La semana pasada, R. me dijo que me sentía muy alejada de él. Esta vez, me preguntó si estaba enojada y se mostró compungido. Esta situación me recuerda a P. y a mí, tomando su distancia como algo personal y culpándome por eso. Me limito a sonreír, sin hacer contacto visual con R. Supongo que así es mi manera de ser.
Ayer tuve varios encuentros académicos. Primero con G., quien absorbió todo mi nerviosismo. Luego con A., T., L. y L. Además, vi a C., con quien había conversado hacía unas horas. D., la docente, me preguntó "¿cómo le va?" con su mirada sonriente. Hay una chica, R., que desde hace ¿ocho? meses no deja de llamarme la atención. Tiene unos ojos bellísimos y una sonrisa encantadora.
Me siento angustiada, envuelta en preocupaciones y pensamientos catastrofistas. Anhelo descansar plácidamente, espero con ansias la sesión psicoanalítica de mañana. Setenta preguntas, dos entrevistas y una entrega que se aproxima. Supongo que esta es la raíz de mis dolores de cabeza.

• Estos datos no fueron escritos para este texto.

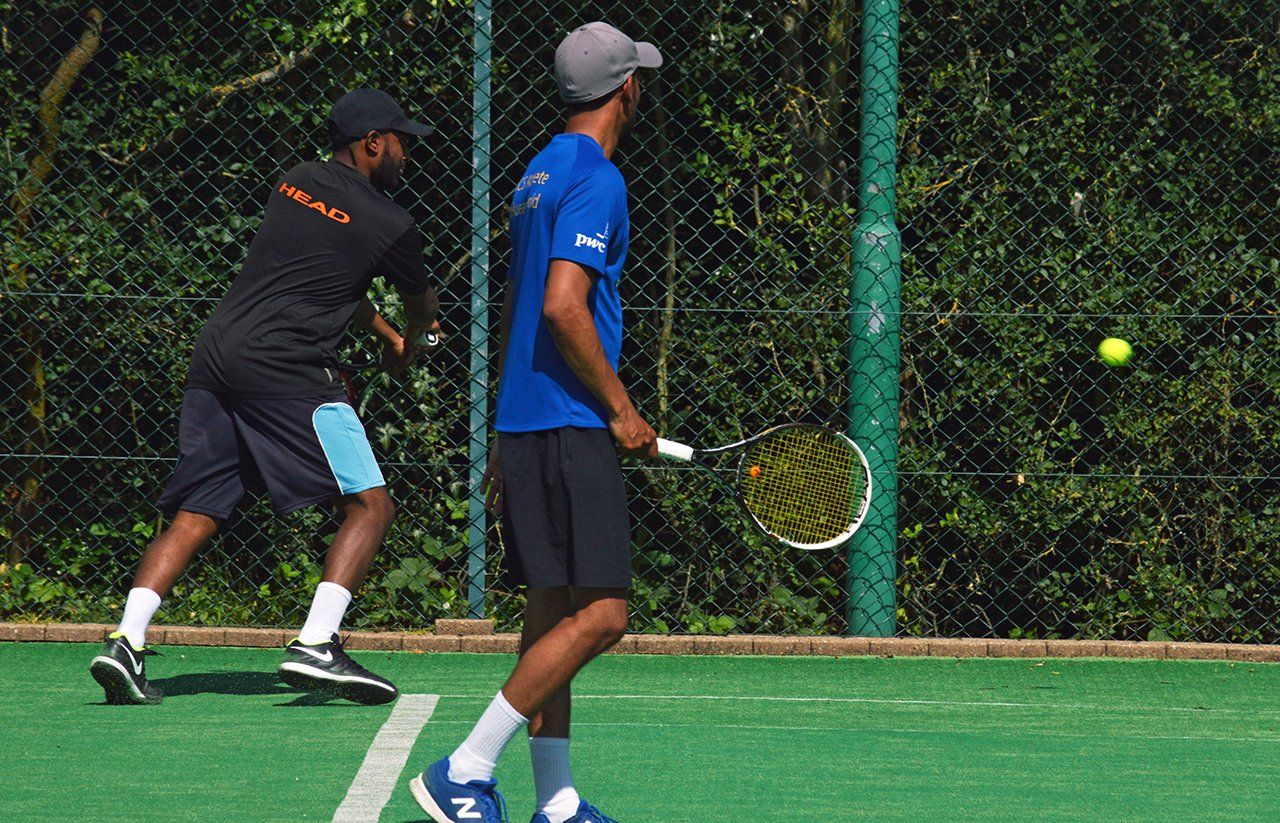 An image of four male tennis players at Pinner Lawn Tennis Club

Después de dos días le escribí a P. Quería decirle que lo quiero, pero en su lugar fui fría y distante. Respeto, entendimiento, acuerdo; términos utilizados por mí con el fin de aceptar la realidad. Él, impasible, como siempre. Concluyo que no tiene deseos de conversar conmigo, se mantendrá en esa postura evitativa y no dará el brazo a torcer, a menos que clame besos y caricias. Me resigno.
¿Qué me deparará el día de hoy? ¿Me comerá la preocupación? ¿Lograré agendar las entrevistas pendientes? ¿Me sumiré en una ardua lectura de bibliografía? ¿Dormiré para retornar al mundo de la fantasía? Con respecto a P., asumo que no me hablará. Ni siquiera me pregunto cuándo volveré a verlo. Estoy acostumbrada a la incertidumbre y su comunicación limitada.